INPUT MATERIAL:
#####

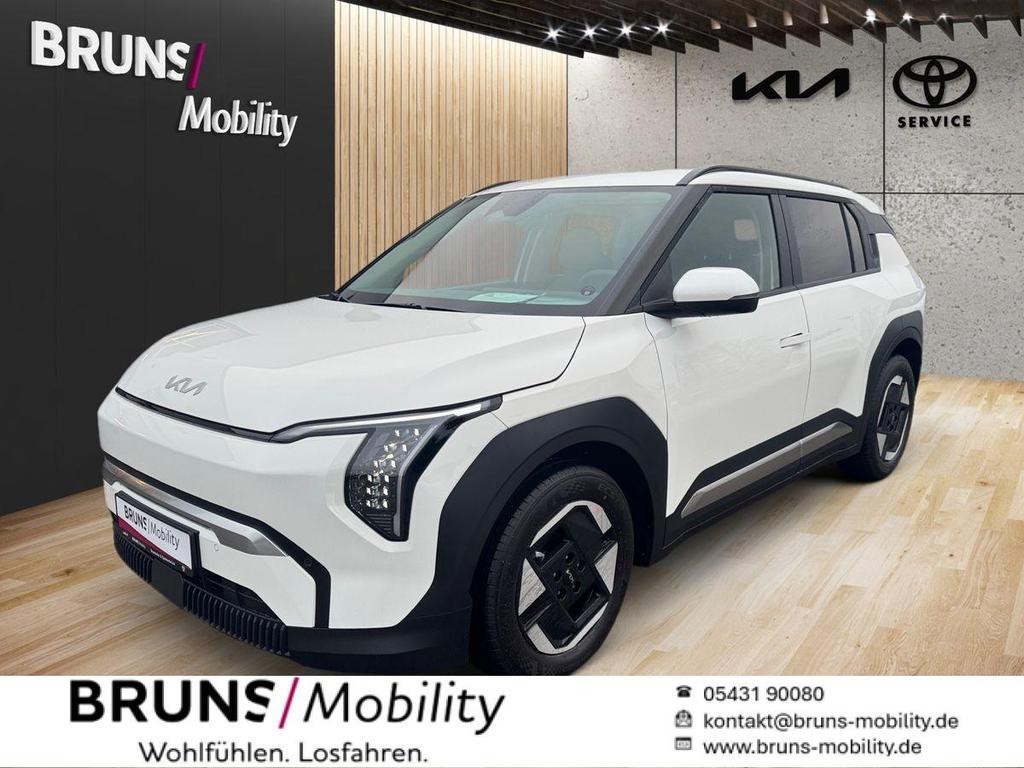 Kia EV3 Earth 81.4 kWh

#####

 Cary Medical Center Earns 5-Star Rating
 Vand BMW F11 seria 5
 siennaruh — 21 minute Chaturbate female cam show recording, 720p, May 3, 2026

#####

ACTIVITY:
Every line above from the line with "Vand BMW F11 seria 5" to the line with "siennaruh — 21", both included, must be reproduced exactly, and no other line may appear.

YOUR SOLUTION:
 Vand BMW F11 seria 5
 siennaruh — 21 minute Chaturbate female cam show recording, 720p, May 3, 2026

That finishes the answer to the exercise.